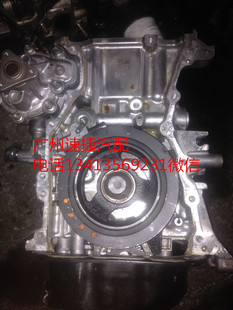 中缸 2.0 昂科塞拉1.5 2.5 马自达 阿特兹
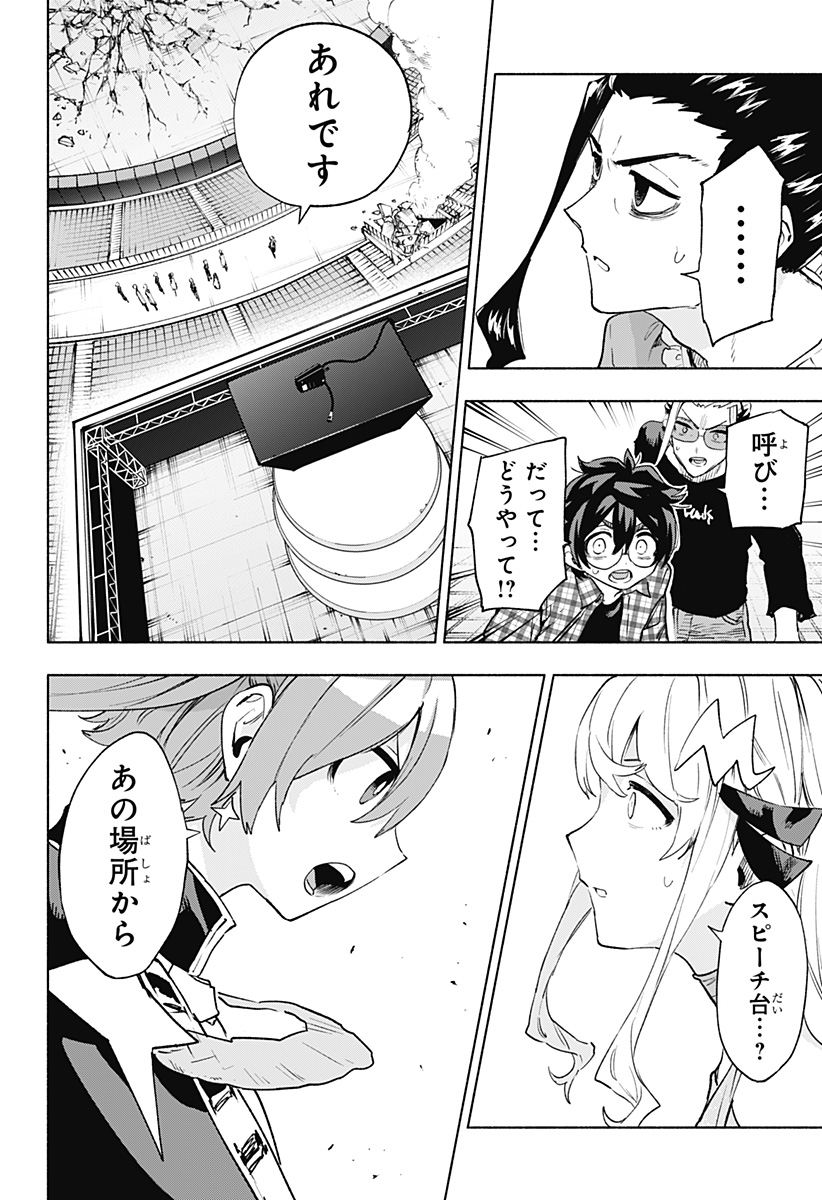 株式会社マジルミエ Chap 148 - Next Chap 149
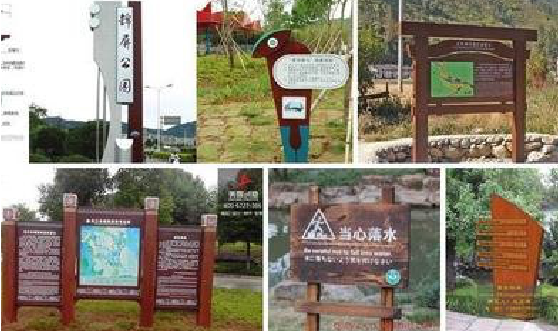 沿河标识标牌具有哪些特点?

---

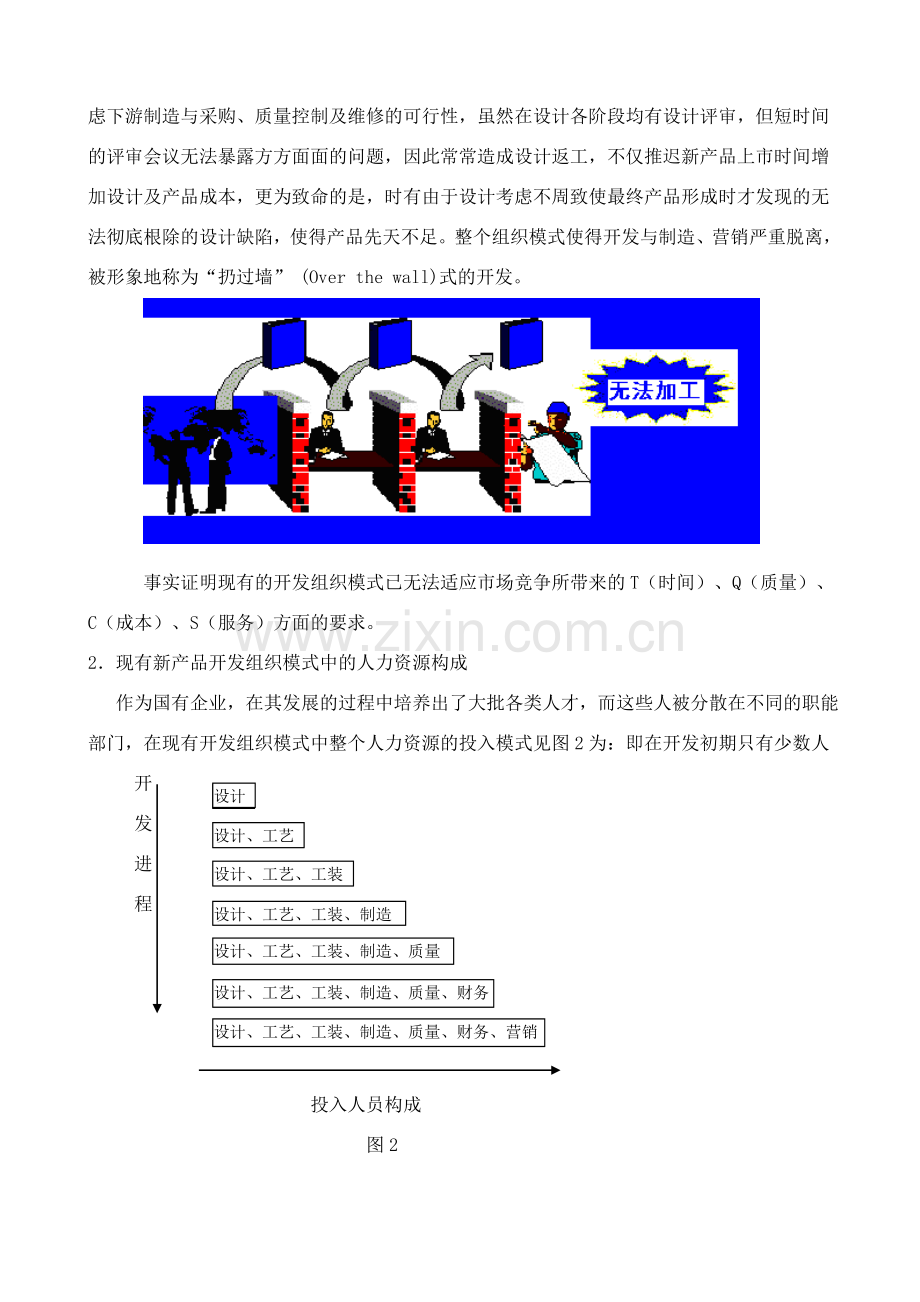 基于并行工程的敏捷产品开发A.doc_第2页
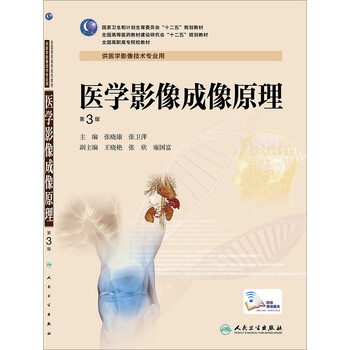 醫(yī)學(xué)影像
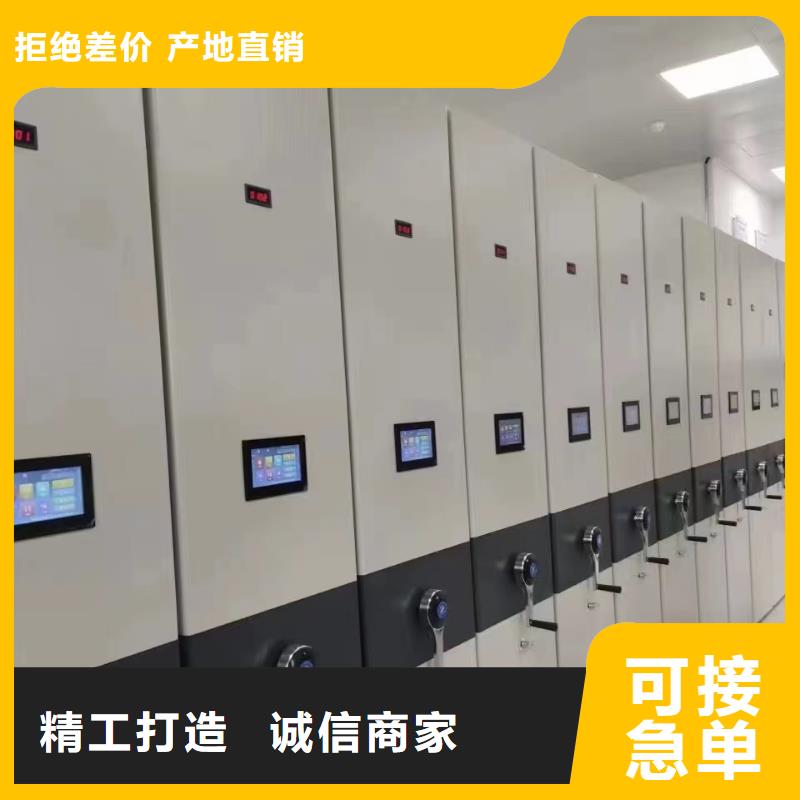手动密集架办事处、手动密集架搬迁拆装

### TASK DIRECTIONS
From the line holding "基于并行工程的敏捷产品开发A.doc_第2页" to the line holding "手动密集架办事处、手动密集架搬迁拆装", both included, retype the entries above exactly and drop the pictures.

### WRITTEN REPLY
 基于并行工程的敏捷产品开发A.doc_第2页
 醫(yī)學(xué)影像
手动密集架办事处、手动密集架搬迁拆装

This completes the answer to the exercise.